**Raw data:**
- - - -

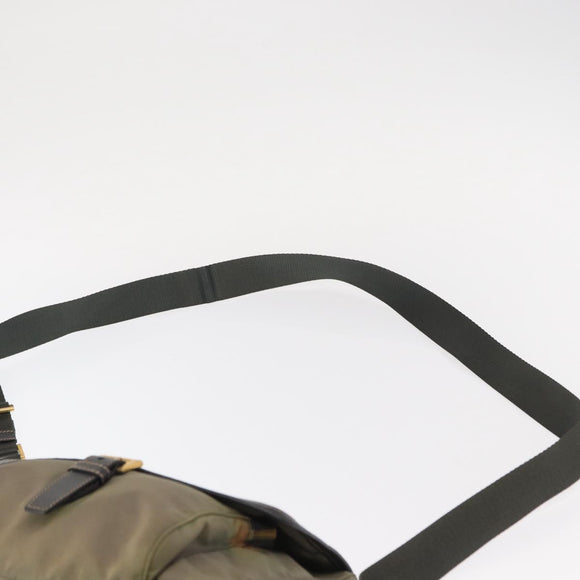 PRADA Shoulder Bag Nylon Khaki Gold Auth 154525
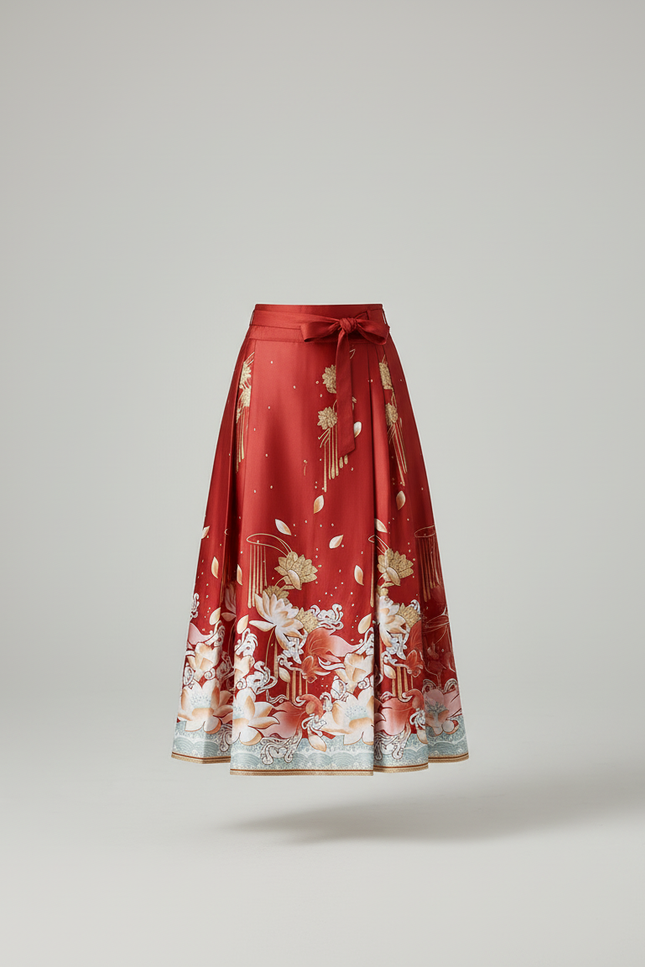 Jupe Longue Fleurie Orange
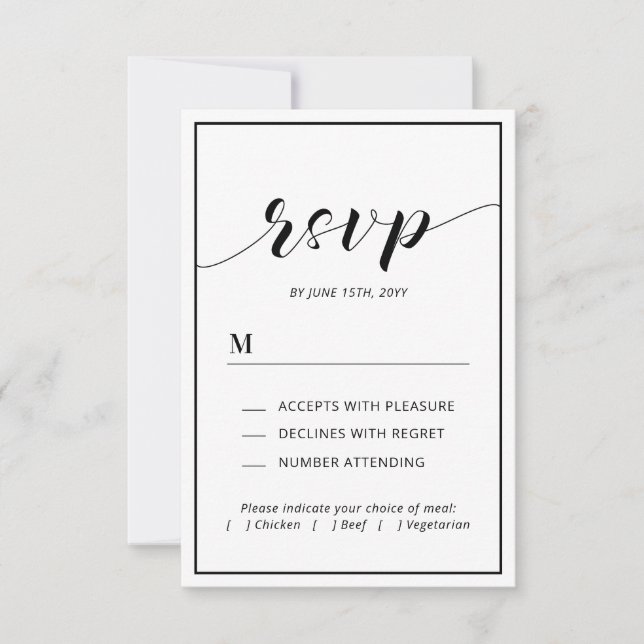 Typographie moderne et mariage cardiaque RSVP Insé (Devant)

- - - -

**Work item:** Exclude the images, then output the data above word for word.

**Response to the task:**
 PRADA Shoulder Bag Nylon Khaki Gold Auth 154525
 Jupe Longue Fleurie Orange
 Typographie moderne et mariage cardiaque RSVP Insé (Devant)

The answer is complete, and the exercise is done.